1. Technically, Linux supports `FileStream.Lock()` which could be changed
[here](https://github.com/apache/lucenenet/blob/54505e8964c112119b83adf8bf9163d687765cbe/src/Lucene.Net/Store/NativeFSLockFactory.cs#L100-L107),
however after reading about it on dotnet/runtime and how it is possible to
bypass the CLR to change it, we went with using the same approach we used on
macOS, which is to use `SharingNativeFSLock`. We probably could have used
`FileStream.Lock()` (with `NativeFSLock`) at the time, however, it seems that
they have changed the native call in .NET 6 so it no longer gets an exclusive
lock on Linux: https://github.com/dotnet/runtime/issues/64634.
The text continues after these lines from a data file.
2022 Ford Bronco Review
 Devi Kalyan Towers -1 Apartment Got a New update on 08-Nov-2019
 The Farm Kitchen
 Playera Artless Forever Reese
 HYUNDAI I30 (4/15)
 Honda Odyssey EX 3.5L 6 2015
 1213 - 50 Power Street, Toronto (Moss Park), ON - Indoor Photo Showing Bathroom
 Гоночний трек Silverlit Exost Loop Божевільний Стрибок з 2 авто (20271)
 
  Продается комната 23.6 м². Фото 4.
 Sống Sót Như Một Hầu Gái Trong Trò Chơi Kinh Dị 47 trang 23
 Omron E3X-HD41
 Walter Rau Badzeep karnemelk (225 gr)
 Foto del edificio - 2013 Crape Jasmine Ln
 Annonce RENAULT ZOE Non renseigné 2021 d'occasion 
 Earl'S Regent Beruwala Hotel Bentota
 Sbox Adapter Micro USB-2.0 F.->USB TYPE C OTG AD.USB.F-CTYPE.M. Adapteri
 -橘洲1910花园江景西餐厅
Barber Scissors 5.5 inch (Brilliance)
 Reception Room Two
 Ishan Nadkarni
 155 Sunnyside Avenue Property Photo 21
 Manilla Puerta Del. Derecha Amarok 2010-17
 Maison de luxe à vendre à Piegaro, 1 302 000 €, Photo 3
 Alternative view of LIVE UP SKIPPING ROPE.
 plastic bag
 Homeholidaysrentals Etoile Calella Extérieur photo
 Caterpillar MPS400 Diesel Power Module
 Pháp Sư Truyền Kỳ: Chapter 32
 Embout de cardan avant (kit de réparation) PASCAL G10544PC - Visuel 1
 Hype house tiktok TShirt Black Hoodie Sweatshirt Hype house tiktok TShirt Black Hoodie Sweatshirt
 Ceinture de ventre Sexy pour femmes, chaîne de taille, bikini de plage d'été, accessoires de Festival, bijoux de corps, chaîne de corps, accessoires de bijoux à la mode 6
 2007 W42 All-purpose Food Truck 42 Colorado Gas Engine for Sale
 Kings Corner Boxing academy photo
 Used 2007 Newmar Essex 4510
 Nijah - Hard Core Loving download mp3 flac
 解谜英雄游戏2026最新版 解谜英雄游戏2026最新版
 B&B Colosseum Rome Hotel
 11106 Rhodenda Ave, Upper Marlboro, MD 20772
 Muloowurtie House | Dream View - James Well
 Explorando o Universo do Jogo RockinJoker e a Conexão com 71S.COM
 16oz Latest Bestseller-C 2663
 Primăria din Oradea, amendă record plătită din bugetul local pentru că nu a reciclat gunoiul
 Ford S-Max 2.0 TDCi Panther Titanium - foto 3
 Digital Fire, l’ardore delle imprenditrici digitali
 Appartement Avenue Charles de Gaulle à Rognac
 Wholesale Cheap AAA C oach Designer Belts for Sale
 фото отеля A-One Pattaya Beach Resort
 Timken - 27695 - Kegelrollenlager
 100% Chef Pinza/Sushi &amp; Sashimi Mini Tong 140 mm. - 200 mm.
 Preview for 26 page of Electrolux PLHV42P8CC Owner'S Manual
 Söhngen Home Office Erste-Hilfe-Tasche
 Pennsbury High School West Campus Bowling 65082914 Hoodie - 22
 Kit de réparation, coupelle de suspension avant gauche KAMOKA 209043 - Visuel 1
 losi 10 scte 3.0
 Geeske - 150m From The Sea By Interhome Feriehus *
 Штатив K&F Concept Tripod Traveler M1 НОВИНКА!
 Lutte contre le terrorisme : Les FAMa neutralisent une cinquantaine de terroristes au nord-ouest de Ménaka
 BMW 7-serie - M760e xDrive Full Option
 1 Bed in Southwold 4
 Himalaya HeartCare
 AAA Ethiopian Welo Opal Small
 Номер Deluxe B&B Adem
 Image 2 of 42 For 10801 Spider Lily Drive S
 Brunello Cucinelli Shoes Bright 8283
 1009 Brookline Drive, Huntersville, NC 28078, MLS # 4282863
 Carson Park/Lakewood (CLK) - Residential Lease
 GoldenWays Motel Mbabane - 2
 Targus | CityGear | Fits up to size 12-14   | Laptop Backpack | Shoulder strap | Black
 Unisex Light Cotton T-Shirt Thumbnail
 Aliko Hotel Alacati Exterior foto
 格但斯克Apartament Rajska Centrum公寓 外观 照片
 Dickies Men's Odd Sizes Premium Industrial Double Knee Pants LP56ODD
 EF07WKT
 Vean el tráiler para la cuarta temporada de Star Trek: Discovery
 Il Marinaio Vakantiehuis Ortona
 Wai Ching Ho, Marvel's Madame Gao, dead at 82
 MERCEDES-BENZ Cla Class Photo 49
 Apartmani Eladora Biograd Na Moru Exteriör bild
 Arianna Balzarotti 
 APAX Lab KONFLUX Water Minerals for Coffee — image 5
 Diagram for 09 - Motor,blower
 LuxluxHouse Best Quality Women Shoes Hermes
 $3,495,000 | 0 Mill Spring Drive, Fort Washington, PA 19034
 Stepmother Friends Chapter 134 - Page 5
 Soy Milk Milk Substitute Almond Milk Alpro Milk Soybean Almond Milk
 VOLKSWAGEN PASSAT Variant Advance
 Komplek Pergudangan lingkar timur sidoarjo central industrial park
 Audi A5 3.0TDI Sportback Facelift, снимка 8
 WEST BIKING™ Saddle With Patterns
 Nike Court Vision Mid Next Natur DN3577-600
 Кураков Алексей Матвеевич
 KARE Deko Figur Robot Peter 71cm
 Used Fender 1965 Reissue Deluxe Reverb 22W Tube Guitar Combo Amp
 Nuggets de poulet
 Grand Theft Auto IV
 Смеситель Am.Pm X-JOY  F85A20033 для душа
2. On Windows, the HResult values of IOException are known. However, on all
other platforms, these values depend on the underlying OS. We determine what
the value is for the current OS by provoking the exception during static
initialization and recording the value. There is a non-zero chance that this
logic could fail to get a value and be set to `null`. When that happens, the
implementation uses the `FallbackNativeFSLock`, which just does a best effort,
but is known to have concurrency problems. Note there is some debug code to
determine the HResult value that was found
[here](https://github.com/apache/lucenenet/blob/54505e8964c112119b83adf8bf9163d687765cbe/src/Lucene.Net.TestFramework/Util/LuceneTestCase.cs#L3184-L3234).
3. We added a ["hole" in the locking
implementation](https://github.com/apache/lucenenet/blob/54505e8964c112119b83adf8bf9163d687765cbe/src/Lucene.Net/Store/NativeFSLockFactory.cs#L496-L498)
specifically so `RAMDirectory` can copy the lock file. This "hole" could cause
the `SharingNativeFSLock` to fail. Ideally, the `share` setting would always be
set to `Share.None` to ensure the lock functions properly in all cases.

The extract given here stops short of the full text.